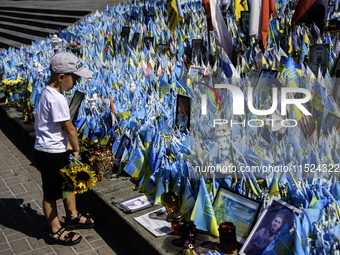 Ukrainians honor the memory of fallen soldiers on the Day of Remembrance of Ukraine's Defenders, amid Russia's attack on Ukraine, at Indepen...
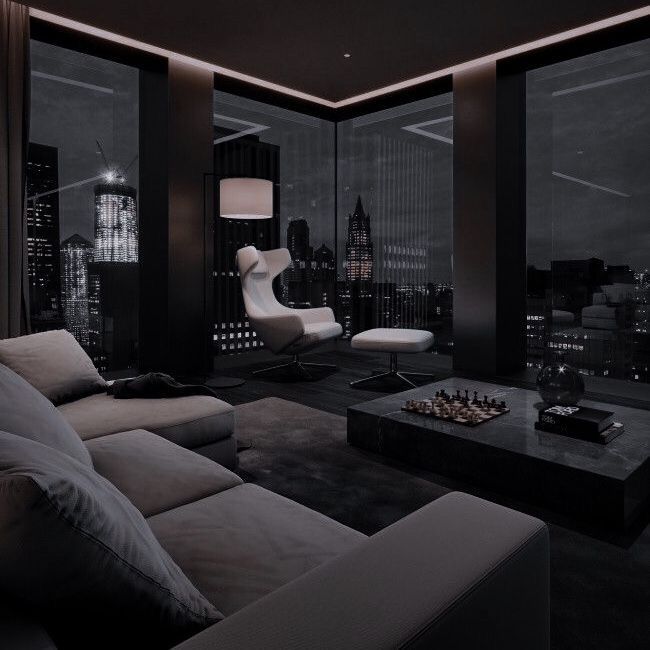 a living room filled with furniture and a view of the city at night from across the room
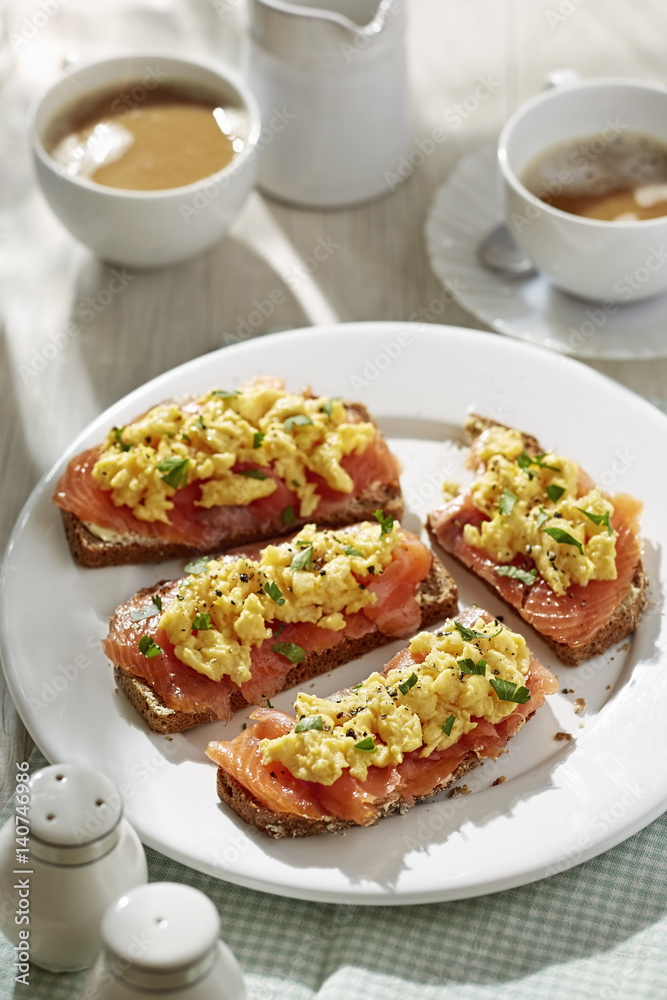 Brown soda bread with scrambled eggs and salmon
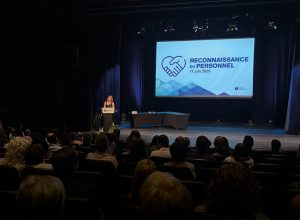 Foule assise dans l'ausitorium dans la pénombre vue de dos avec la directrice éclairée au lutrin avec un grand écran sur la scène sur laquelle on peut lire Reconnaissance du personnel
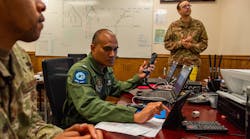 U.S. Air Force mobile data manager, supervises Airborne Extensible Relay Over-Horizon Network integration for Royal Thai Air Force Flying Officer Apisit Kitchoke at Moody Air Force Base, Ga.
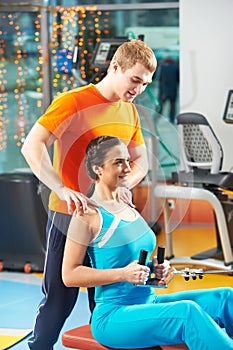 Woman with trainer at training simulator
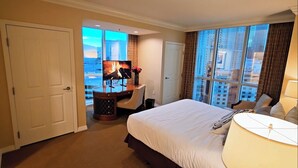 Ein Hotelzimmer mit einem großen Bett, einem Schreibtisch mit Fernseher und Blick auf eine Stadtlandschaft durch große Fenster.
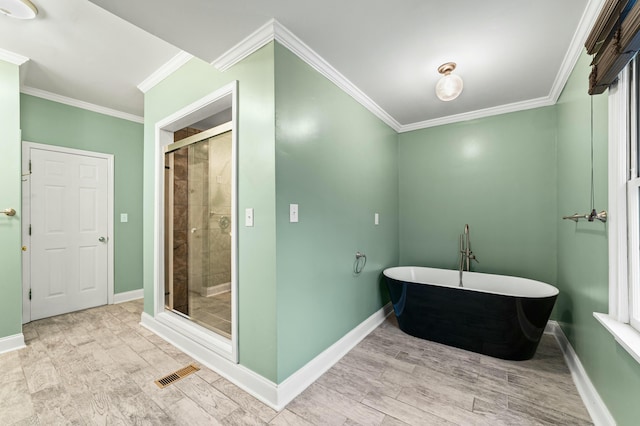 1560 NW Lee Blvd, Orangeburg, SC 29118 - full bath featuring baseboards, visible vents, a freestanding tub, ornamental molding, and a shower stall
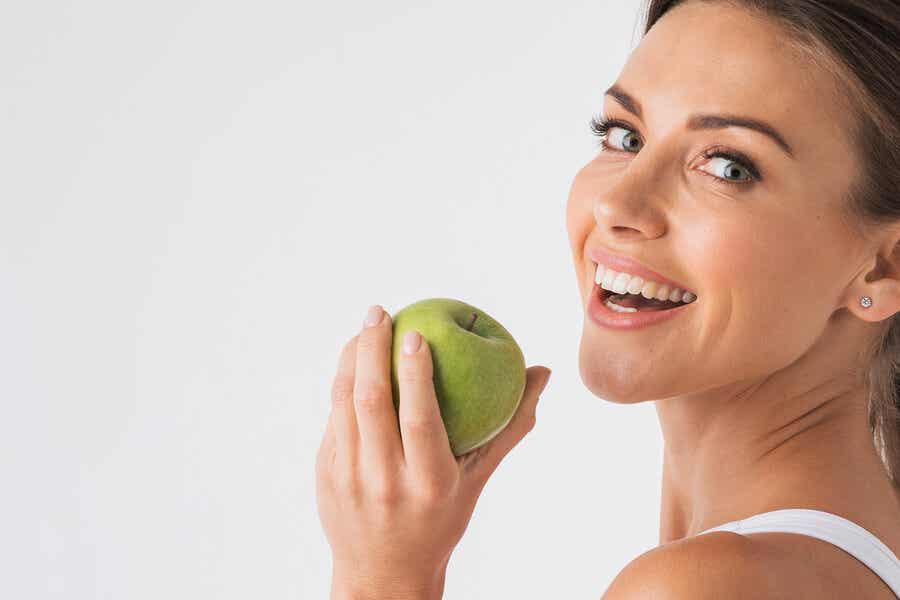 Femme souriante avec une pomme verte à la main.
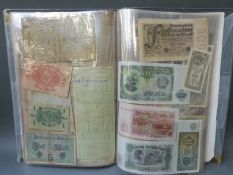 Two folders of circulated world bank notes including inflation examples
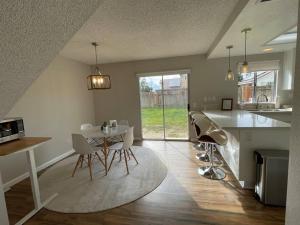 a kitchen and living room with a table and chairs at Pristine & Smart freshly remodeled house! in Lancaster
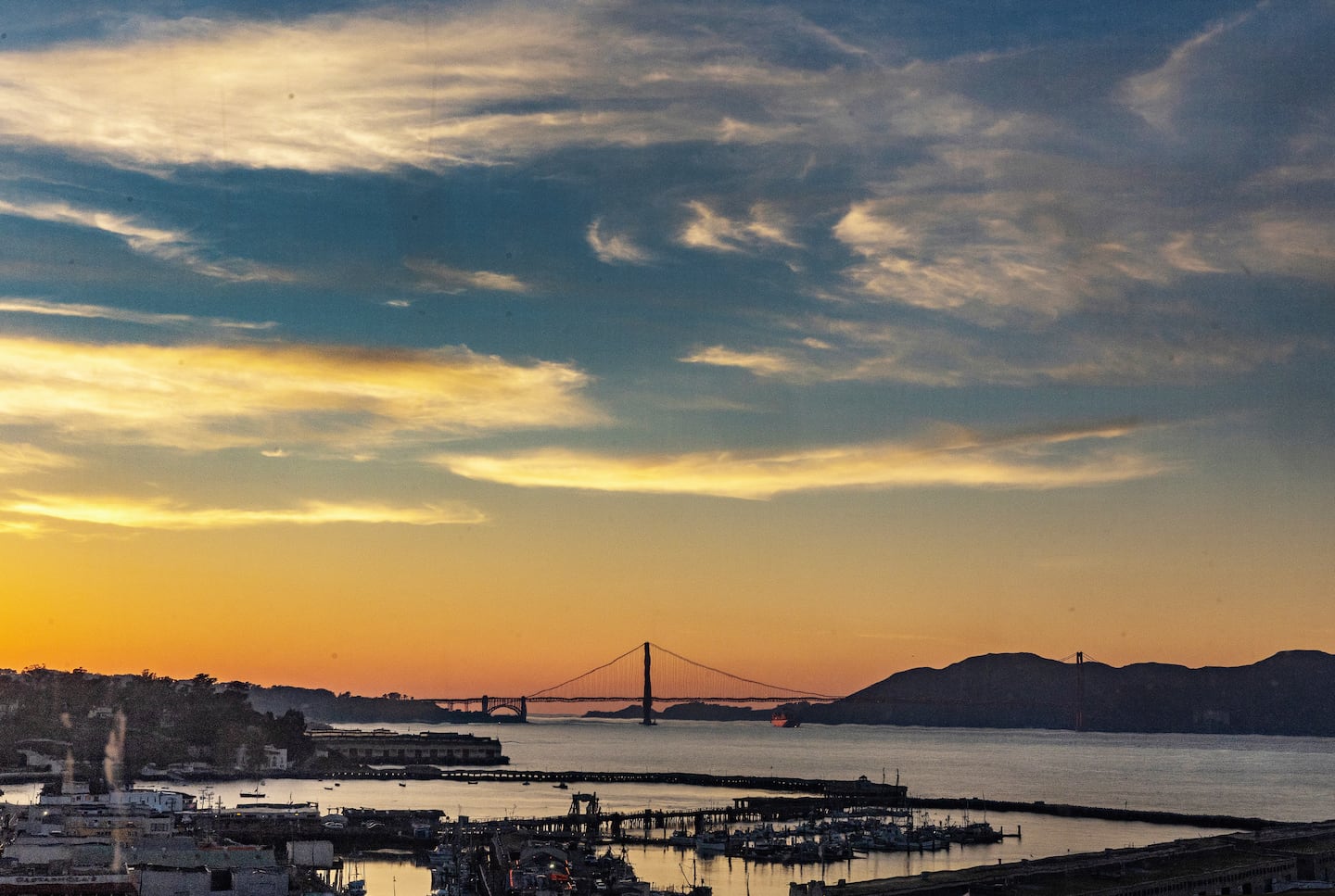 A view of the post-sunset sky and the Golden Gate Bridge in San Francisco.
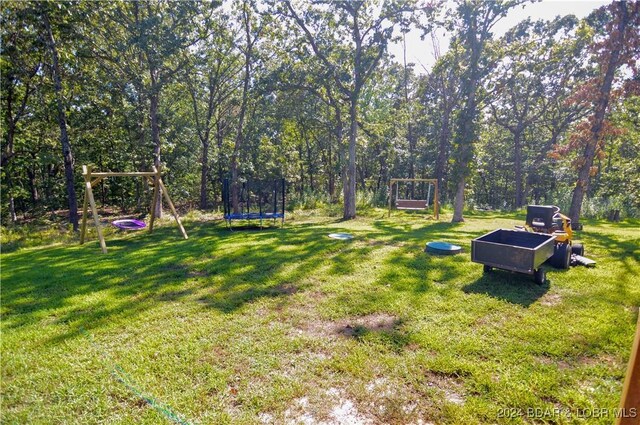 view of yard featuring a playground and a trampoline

= = = = = = =

**To do**
Each entry is to be given again exactly as it stands, with its pictures removed.

**Task result**
 Ukrainians honor the memory of fallen soldiers on the Day of Remembrance of Ukraine's Defenders, amid Russia's attack on Ukraine, at Indepen...
 a living room filled with furniture and a view of the city at night from across the room
 Brown soda bread with scrambled eggs and salmon
 Foule assise dans l'ausitorium dans la pénombre vue de dos avec la directrice éclairée au lutrin avec un grand écran sur la scène sur laquelle on peut lire Reconnaissance du personnel
 U.S. Air Force mobile data manager, supervises Airborne Extensible Relay Over-Horizon Network integration for Royal Thai Air Force Flying Officer Apisit Kitchoke at Moody Air Force Base, Ga.
 Woman with trainer at training simulator
 Ein Hotelzimmer mit einem großen Bett, einem Schreibtisch mit Fernseher und Blick auf eine Stadtlandschaft durch große Fenster.
 1560 NW Lee Blvd, Orangeburg, SC 29118 - full bath featuring baseboards, visible vents, a freestanding tub, ornamental molding, and a shower stall
 Femme souriante avec une pomme verte à la main.
 Two folders of circulated world bank notes including inflation examples
 a kitchen and living room with a table and chairs at Pristine & Smart freshly remodeled house! in Lancaster
 A view of the post-sunset sky and the Golden Gate Bridge in San Francisco.
 view of yard featuring a playground and a trampoline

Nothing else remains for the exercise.